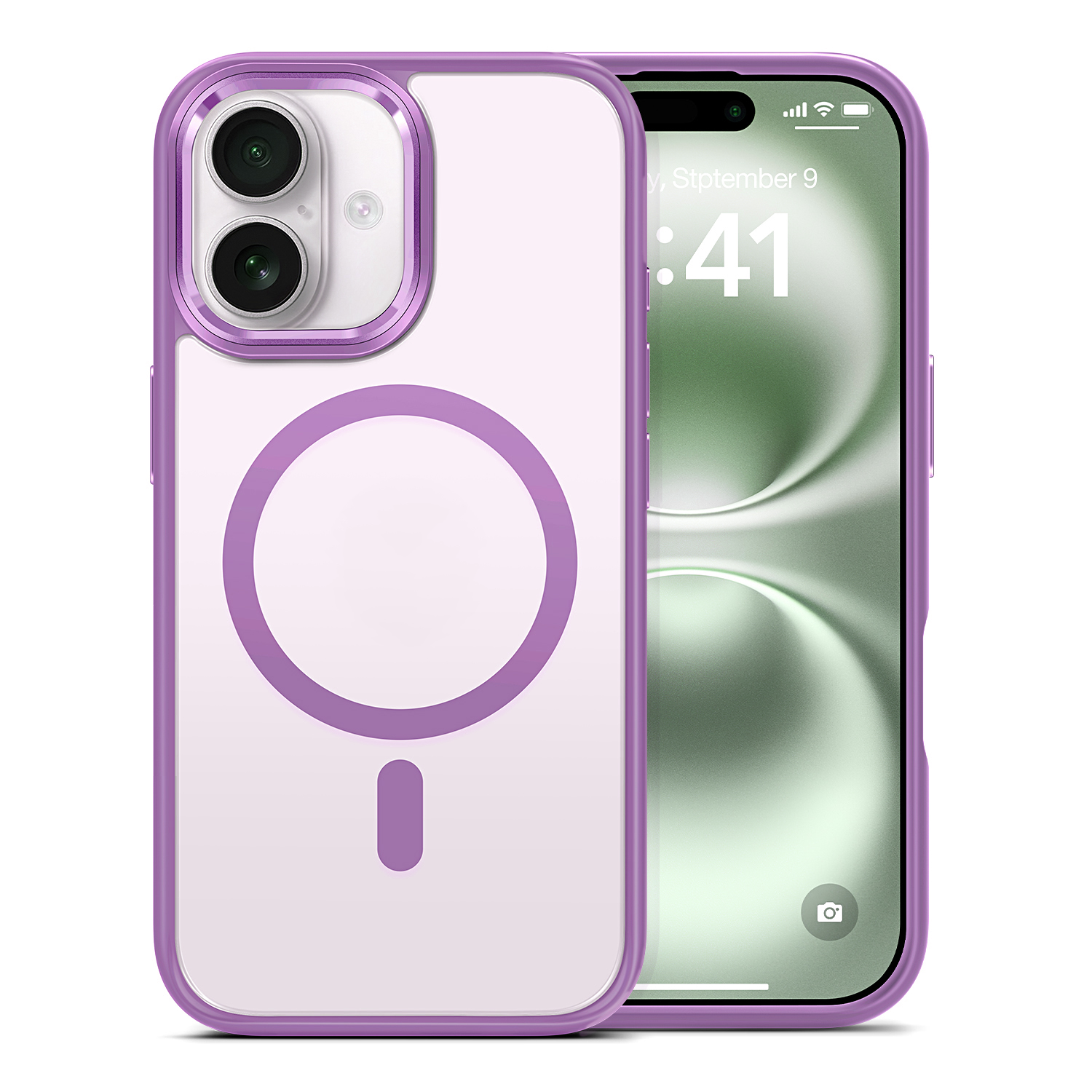 Transparent phone case, suitable for iPhone16/15/14/Pro/Max phone case, supports magnetic charging, military grade anti drop and anti yellowing phone case, sturdy and durable shock protection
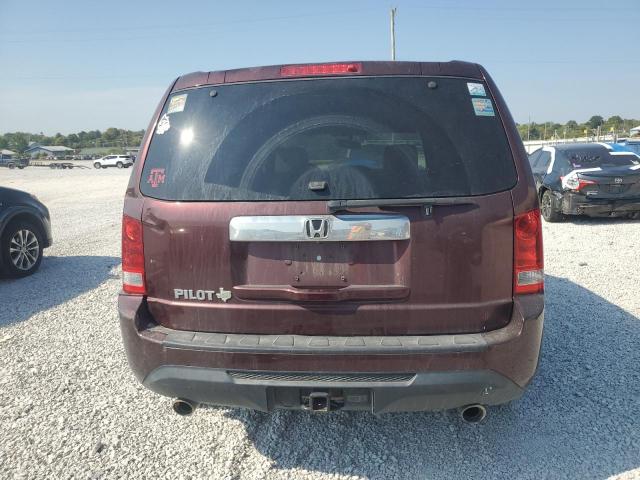 5FNYF3H56DB024281 - 2013 HONDA PILOT EXL BURGUNDY photo 6
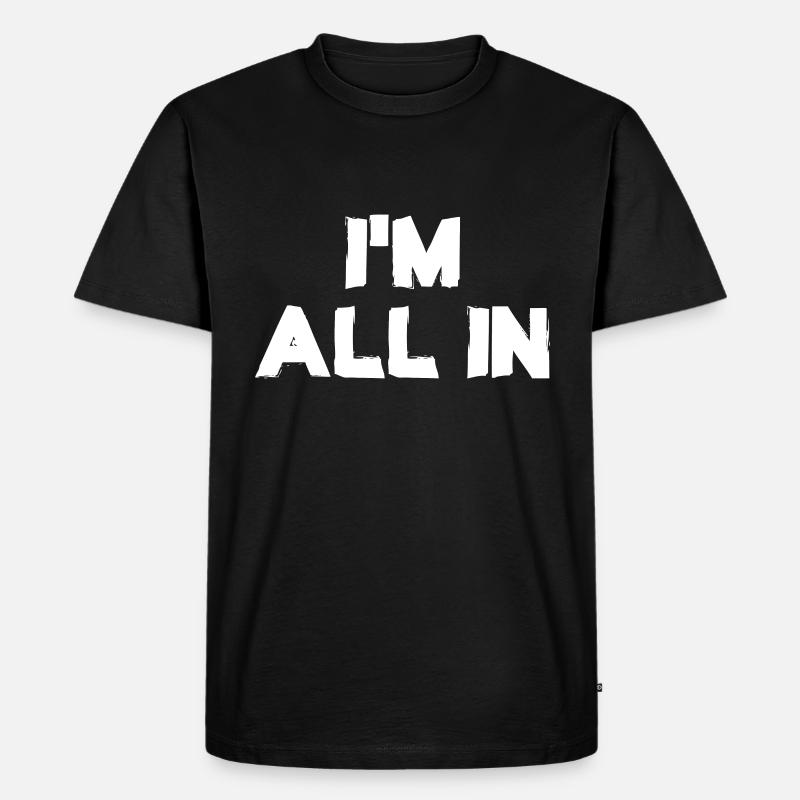 Alles in Krypto-Blockchain-Kryptogeld - Männer Premium Bio T-Shirt - Schwarz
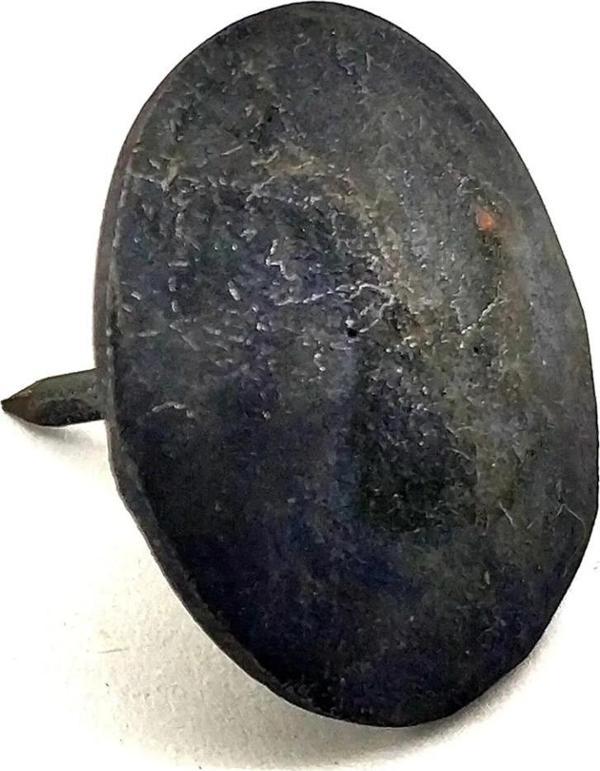 Antika Tarz Dekoratif Pirinç Dövme Kabara No3 - 27 Mm, Oksit - Image 1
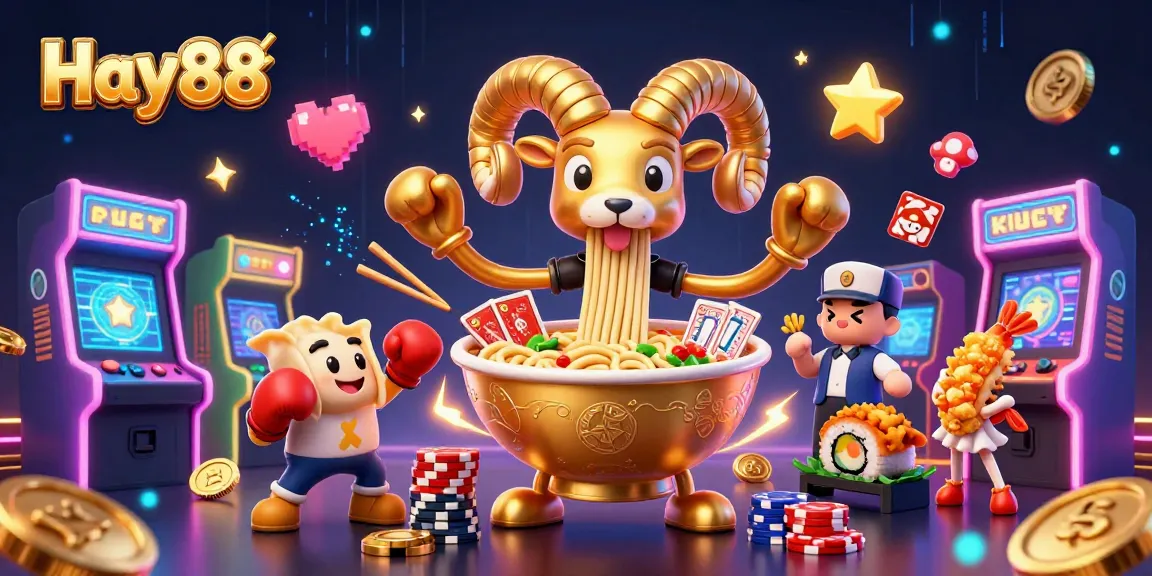 Experience exciting gaming at Hay88 with unique characters and dynamic casino elements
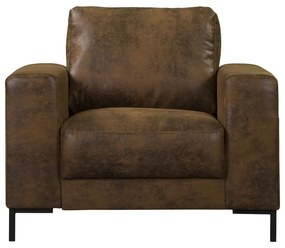 Fotoliu maro cu tapițerie din imitație de piele Lofty Lilly – Miuform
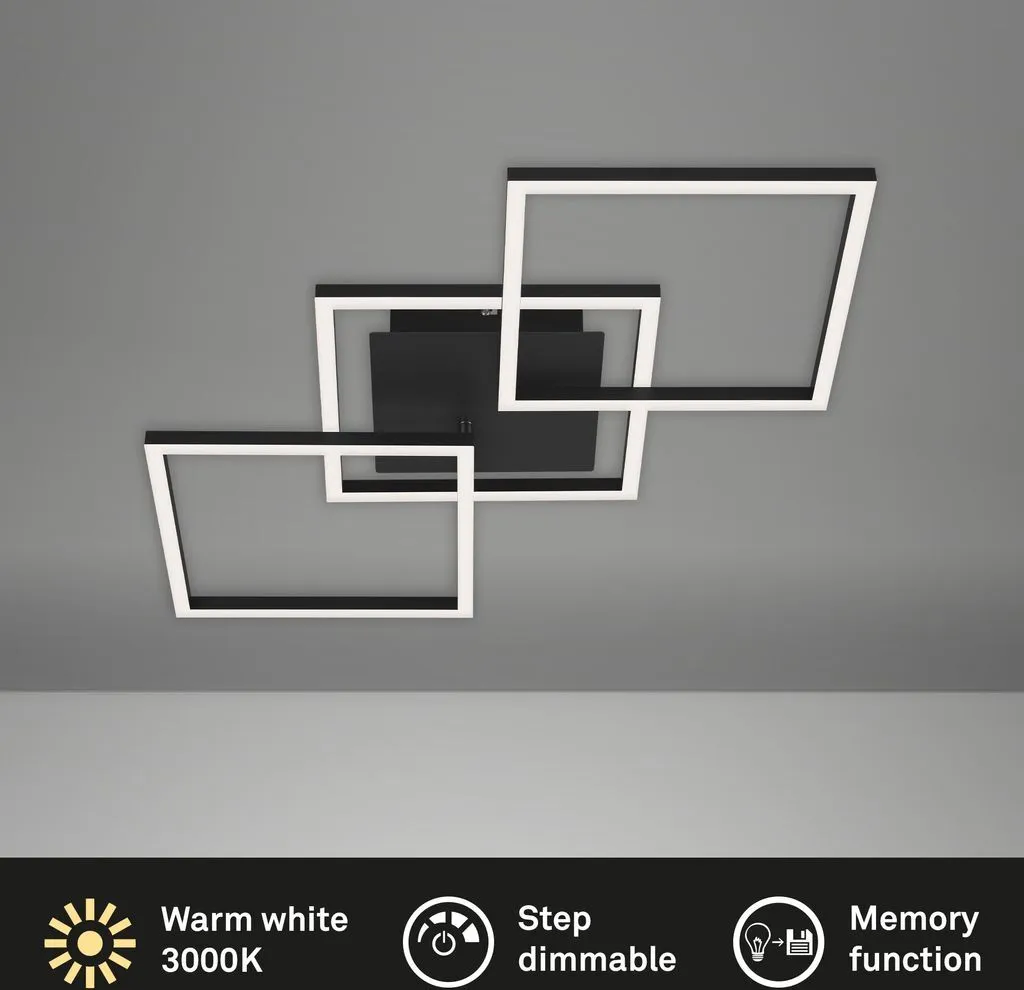 Lampada Soffitto LED Briloner 30W Nero Dimmerabile: Luce Su Misura - 2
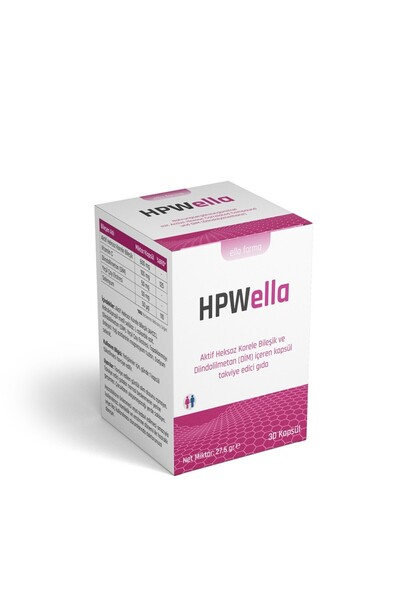 Ella Farma HPWella 30 Kapsül AHCC içerikli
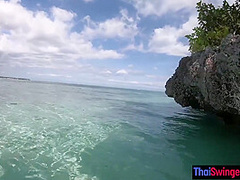 Cute Asian Amateur Gf Visits An Island Where She Sucked And Fucked Her Boyfriend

Required work: Print out the whole listing word for word. Leave the pictures out.

Reply:
 Transparent phone case, suitable for iPhone16/15/14/Pro/Max phone case, supports magnetic charging, military grade anti drop and anti yellowing phone case, sturdy and durable shock protection
 5FNYF3H56DB024281 - 2013 HONDA PILOT EXL BURGUNDY photo 6
 Alles in Krypto-Blockchain-Kryptogeld - Männer Premium Bio T-Shirt - Schwarz
 Antika Tarz Dekoratif Pirinç Dövme Kabara No3 - 27 Mm, Oksit - Image 1
 Experience exciting gaming at Hay88 with unique characters and dynamic casino elements
 Fotoliu maro cu tapițerie din imitație de piele Lofty Lilly – Miuform
 Lampada Soffitto LED Briloner 30W Nero Dimmerabile: Luce Su Misura - 2
 Ella Farma HPWella 30 Kapsül AHCC içerikli
 Cute Asian Amateur Gf Visits An Island Where She Sucked And Fucked Her Boyfriend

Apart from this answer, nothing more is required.